The code for this tool is availble on github at xurtis/container.
I’ve spoken about Linux containers before. There are a small set of
system calls in Linux (namely clone(2), unshare(2), and setns(2))
which provide mechanisms to contol which namespace the running process
exists in. Additionally, the namespaces can be controlled for other
processes using the
In this post, I want to talk about how I used these simple tools to build lightweight containers myself.
Why not use existing tools?
There are a number of existing tools to manage containers (and to manage the tools that manage the containers) that already exist such as Docker, LXC and LXD, and Kubernetes. These tools all aim to orchestrate containers at a large scale, although the Linux Containers group is falling behind the other two quite substantially.
I run several (far too many) Linux systems myself. My laptop and desktop computers, what I would refer to as my terminal machines, both run Fedora 28 and the remainder of my computers all run CentOS 7. All of my machines are part of the community side of the Red Hat family of Linux distributions.
I really prefer the Red Hat ecosystem of software and the enhanced security on these distributions from tools like SELinux.
What I would really like to be able to do is create unpriviliged containers with my normal login user on these machines rather than have to set up some large service on each of them to orchestrate them all. As the machines all share an NFS server. I would ideally like to have one container filesystem structure there which I can easily use from any of my machines (which could even be used simultaneously on multiple machines).
This is one of the main reason that I don’t want to use the existing tools. They rely on having a privileged service running that unprivilged users connect to to request machines on. These systems work great for running ‘web-scale’ services, where the machines don’t interact with the outside machine they are hosted on, but make for pretty terrible development environments with many security hazards. LXC works a bit better in this regard than others, although it is a Canonical project so the support on Red Hat distributions is terrible.
New kernel features
The concept of unprivileged containers is a fairly new one in terms of stable kernel distributions (such as Debian and CentOS), so they have limited or experimental support. In order to enable support for this on CentOS 7, command line arguments have to be added to the kernel.

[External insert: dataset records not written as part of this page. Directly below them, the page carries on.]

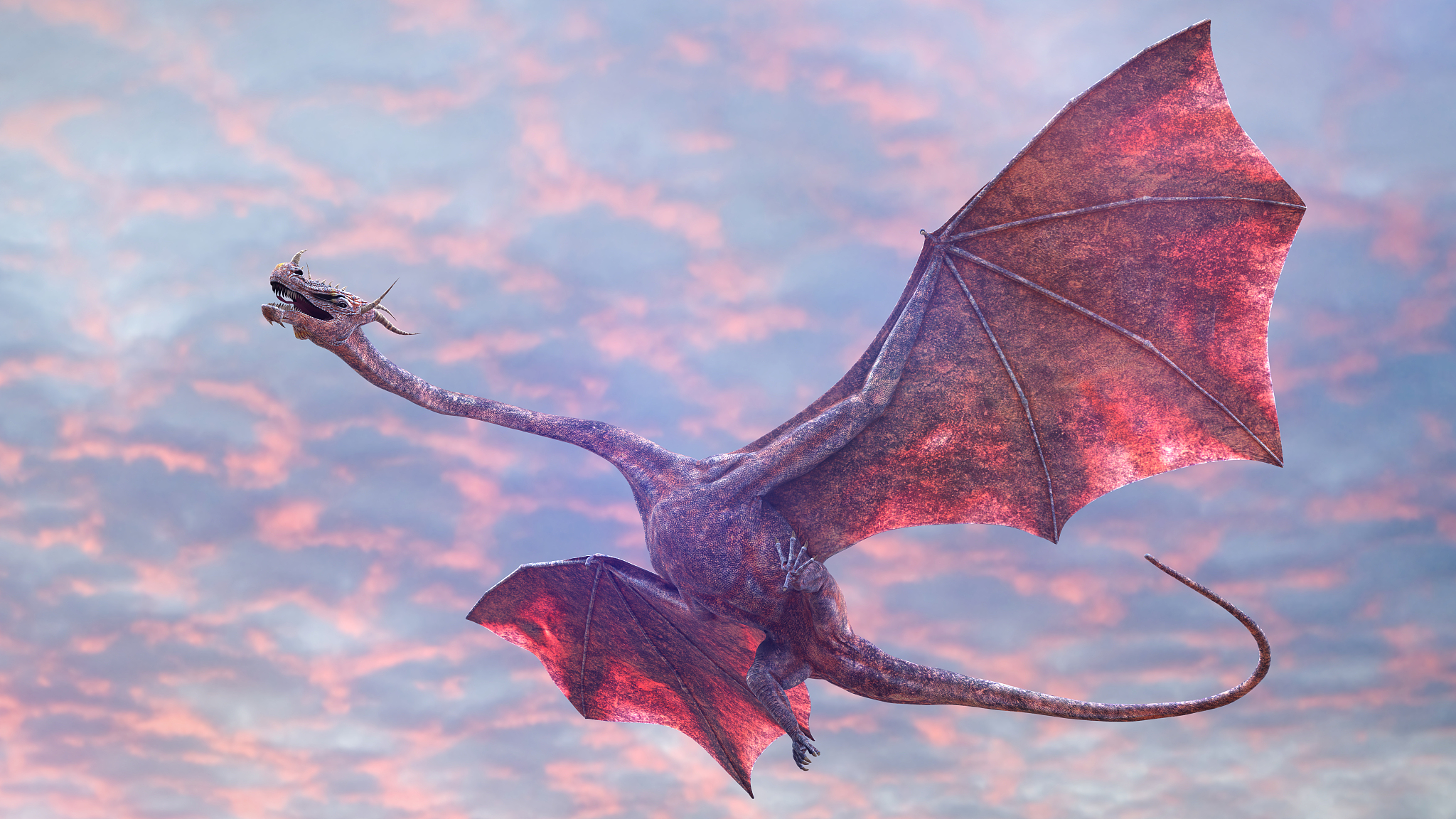 beautiful dragon, fairy tale creature flying in the sky
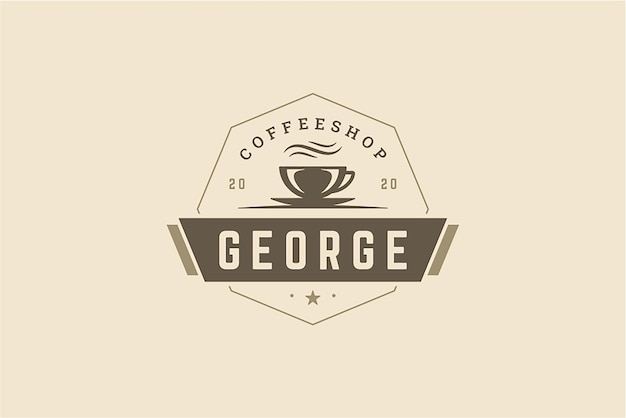 PSD geometric coffeeshop logo design template hot aroma beverage cup with festive ribbon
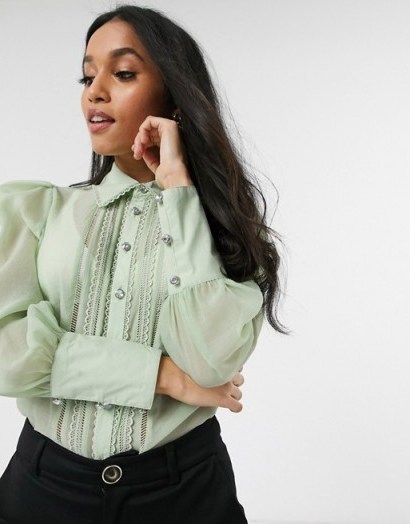 River Island Petite pleated front shirt in sage green – sheer chrochet detail shirts - flipped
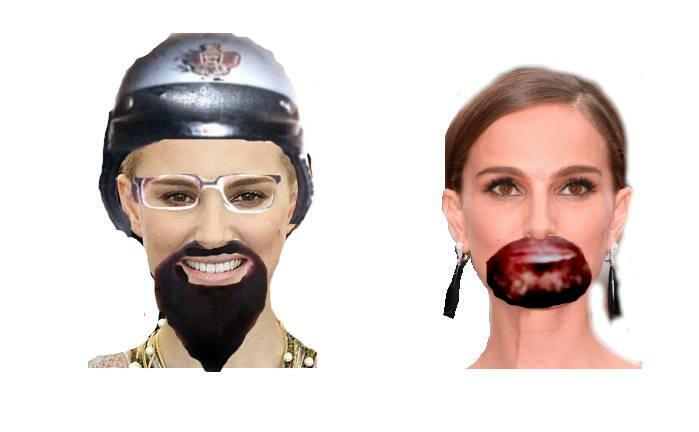 Пародия на Натали Портман и "бородатую певицу" Кончиту Вурст (Фото из соцсетей) Пародия на Натали Портман и "бородатую певицу" Кончиту Вурст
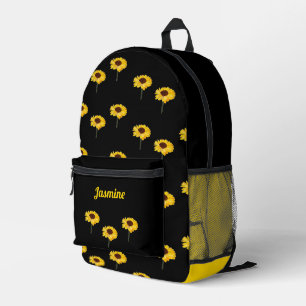 Monogram yellow sunflowers on black printed backpack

grubby \ --args="user_namespace.enable=1 namespace.unpriv_enable=1" \ --update-kernel="$(grubby --default-kernel)"
Harnessing the power of Rust
The Rust programming language has quickly become my most favourite to work with. I figured that I could make a tool myself that would quickly and easily set up my containers for me with very little effort. My initial thoughts for a design were to have a library for constructing containers and take advantage of the blurry distinction between threads and processes in Linux.
The design was to have a number of configurable namespaces with associated configuration. Each would be able to pre and post configure a namespace both externally and internally. This is important as user and group ID maps (between the internal and external namespaces) have a particular way of being set. They can only be properly set from outside of the created namespace, meaning that you need a process that runs after the namespace has created to configure it from outside.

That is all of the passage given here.